CYNTHIA MCFADDEN: There's no better way to see what's happening in the Arctic than to arrive by boat in Kotzebue, Alaska. When Mr. Obama lands here, he'll become the first President to visit the American arctic.
MCFADDEN: But his land is changing fast as temperatures warm twice as rapidly here as the rest of the planet. NBC News has spent the past four months reporting throughout America's vast Arctic, a place of tradition and dramatic change. Nowhere are the problems more urgent than in Shishmaref, which scientists say is just one bad storm away from being wiped off the map. The ice that once protected their fragile shoreline from big fall storms is melting and now, they're losing as much as 20 feet a year to erosion.
FORMER KOTZEBUE MAYOR WILLIE GOODWIN JR.: The ocean comes in pretty good. The water comes up pretty high.
MCFADDEN: And because they're so isolated here, it's not just home but 600 lives that are at stake.
GOODWIN: What are we going to do if we get a major flood? I'd say we have to move.
MCFADDEN: These people are about to become some of America's first climate change refugees.
U.S. ARCTIC RESEARCH COMMISSION’s CHERYL ROSA: They're telling their older children they don't want them to go hunting on the ice because it's too dangerous and they don't want to lose them.
MCFADDEN: Cheryl Rosa is here to listen to them and report back to the White House. A decade ago, the locals voted to move to this higher ground, 12 miles away, but discovered that like the ice, the permafrost, that is, the ground, is melting too.
ROSA: It's not easy to move a village.
MCFADDEN: It's not cheap, either. $180 million according to the Army Corps of Engineers. That's $300,000 per person and moving even a few miles means cutting ties with ancestral lands that have sustained them and kept their traditions alive for centuries. Clifford Wiwana says even if they had the money to move, he worries his people cannot survive anywhere else.

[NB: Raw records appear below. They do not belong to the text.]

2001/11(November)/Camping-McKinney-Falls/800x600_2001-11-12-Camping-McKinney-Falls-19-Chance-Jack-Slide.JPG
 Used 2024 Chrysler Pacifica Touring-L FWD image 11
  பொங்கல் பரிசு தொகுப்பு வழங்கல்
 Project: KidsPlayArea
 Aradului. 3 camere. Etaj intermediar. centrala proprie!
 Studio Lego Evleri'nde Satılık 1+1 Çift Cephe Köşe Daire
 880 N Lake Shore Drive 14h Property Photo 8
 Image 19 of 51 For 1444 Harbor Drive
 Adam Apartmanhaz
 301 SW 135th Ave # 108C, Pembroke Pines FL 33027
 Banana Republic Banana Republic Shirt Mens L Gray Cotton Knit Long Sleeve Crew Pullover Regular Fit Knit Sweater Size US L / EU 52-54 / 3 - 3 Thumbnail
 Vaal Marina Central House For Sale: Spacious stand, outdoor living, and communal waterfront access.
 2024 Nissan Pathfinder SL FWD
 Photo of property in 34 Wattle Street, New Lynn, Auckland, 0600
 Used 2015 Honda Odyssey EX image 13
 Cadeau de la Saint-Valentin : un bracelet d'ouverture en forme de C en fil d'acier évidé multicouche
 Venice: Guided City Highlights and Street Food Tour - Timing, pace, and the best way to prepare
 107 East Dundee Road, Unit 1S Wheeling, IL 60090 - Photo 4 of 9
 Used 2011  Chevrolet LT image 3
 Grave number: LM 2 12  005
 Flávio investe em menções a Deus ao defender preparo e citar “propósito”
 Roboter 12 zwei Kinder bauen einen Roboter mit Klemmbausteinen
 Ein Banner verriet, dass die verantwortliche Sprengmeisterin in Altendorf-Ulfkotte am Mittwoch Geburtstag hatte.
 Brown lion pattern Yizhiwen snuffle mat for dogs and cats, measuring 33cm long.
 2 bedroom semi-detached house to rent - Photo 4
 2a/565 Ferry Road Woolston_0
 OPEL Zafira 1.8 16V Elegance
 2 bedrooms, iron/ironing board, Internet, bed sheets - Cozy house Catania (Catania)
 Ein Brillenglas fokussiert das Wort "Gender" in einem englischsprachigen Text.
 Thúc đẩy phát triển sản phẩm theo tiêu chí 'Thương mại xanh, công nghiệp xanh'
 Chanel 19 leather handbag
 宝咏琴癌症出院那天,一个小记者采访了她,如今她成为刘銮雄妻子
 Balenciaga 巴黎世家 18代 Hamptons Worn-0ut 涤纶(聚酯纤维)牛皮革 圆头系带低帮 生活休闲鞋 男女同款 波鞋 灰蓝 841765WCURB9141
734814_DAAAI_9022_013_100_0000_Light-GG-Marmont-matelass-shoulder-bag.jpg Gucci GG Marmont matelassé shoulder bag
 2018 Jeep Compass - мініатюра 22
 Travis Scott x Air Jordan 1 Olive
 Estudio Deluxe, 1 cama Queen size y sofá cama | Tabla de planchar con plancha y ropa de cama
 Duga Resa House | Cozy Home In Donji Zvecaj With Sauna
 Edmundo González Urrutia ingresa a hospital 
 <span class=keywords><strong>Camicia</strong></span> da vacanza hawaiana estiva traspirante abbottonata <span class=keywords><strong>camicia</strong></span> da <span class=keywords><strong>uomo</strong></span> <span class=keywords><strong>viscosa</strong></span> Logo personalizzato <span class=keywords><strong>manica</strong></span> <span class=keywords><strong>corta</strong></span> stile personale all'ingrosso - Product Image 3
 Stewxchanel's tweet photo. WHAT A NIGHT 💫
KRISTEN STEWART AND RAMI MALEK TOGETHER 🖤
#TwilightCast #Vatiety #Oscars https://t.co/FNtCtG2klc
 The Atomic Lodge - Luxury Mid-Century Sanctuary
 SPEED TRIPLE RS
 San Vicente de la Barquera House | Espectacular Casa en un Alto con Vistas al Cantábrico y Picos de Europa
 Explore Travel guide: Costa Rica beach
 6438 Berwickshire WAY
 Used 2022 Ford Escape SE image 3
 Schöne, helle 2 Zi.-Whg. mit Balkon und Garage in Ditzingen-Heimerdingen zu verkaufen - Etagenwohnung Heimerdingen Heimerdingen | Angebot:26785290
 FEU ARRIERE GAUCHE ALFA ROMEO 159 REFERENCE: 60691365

MCFADDEN: Cash is hard to come by, and in the grocery store, cereal is over six bucks. Sugar costs $9. Three times what most of us pay, but that's nothing compared to the human cost of staying....MCFADDEN: 30 other Alaskan villages face the same peril as Shishmaref. Scientists say if the oceans continue to rise, it won't just be an Arctic problem but one for the rest of us too.